Bioinformatics and Genomics File Formats Reference

This reference covers file formats used in genomics, transcriptomics, sequence analysis, and related bioinformatics applications.

Sequence Data Formats

.fasta / .fa / .fna - FASTA Format

Description: Text-based format for nucleotide or protein sequences Typical Data: DNA, RNA, or protein sequences with headers Use Cases: Sequence storage, BLAST searches, alignments Python Libraries: - Biopython: SeqIO.parse('file.fasta', 'fasta') - pyfaidx: Fast indexed FASTA access - screed: Fast sequence parsing EDA Approach: - Sequence count and length distribution - GC content analysis - N content (ambiguous bases) - Sequence ID parsing - Duplicate detection - Quality metrics for assemblies (N50, L50)

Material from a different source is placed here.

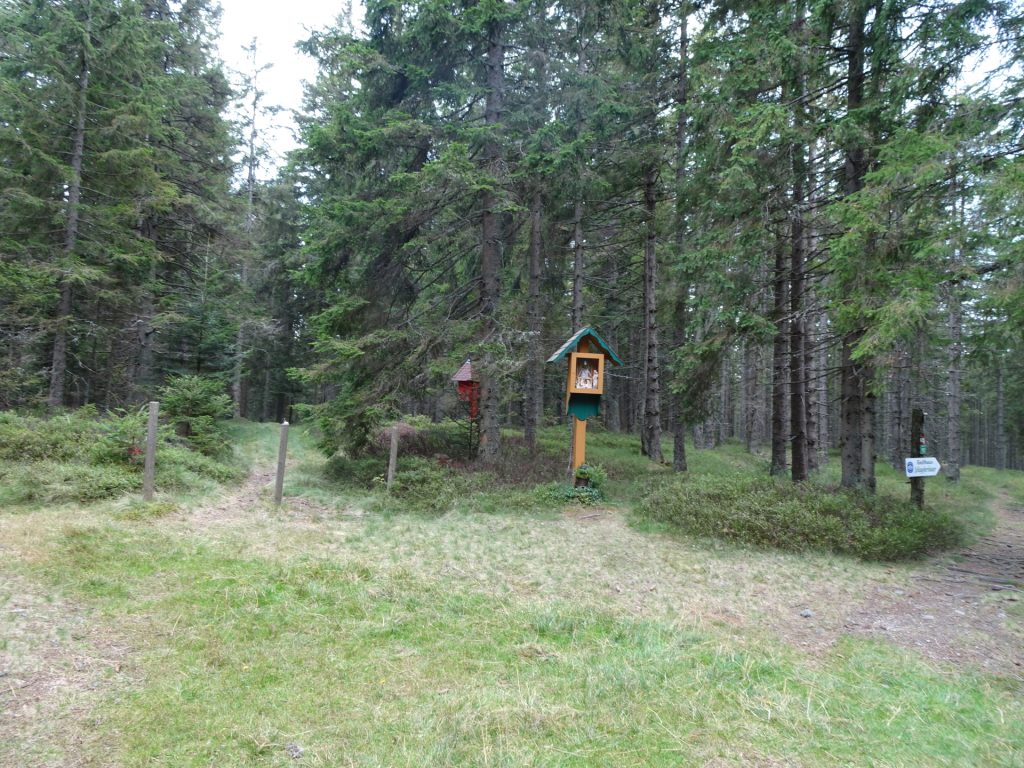 Trail towards "Hauereck"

.fastq / .fq - FASTQ Format

Description: Sequence data with base quality scores Typical Data: Raw sequencing reads with Phred quality scores Use Cases: NGS data, quality control, read mapping Python Libraries: - Biopython: SeqIO.parse('file.fastq', 'fastq') - pysam: Fast FASTQ/BAM operations - HTSeq: Sequencing data analysis EDA Approach: - Read count and length distribution - Quality score distribution (per-base, per-read) - GC content and bias - Duplicate rate estimation - Adapter contamination detection - k-mer frequency analysis - Encoding format validation (Phred33/64)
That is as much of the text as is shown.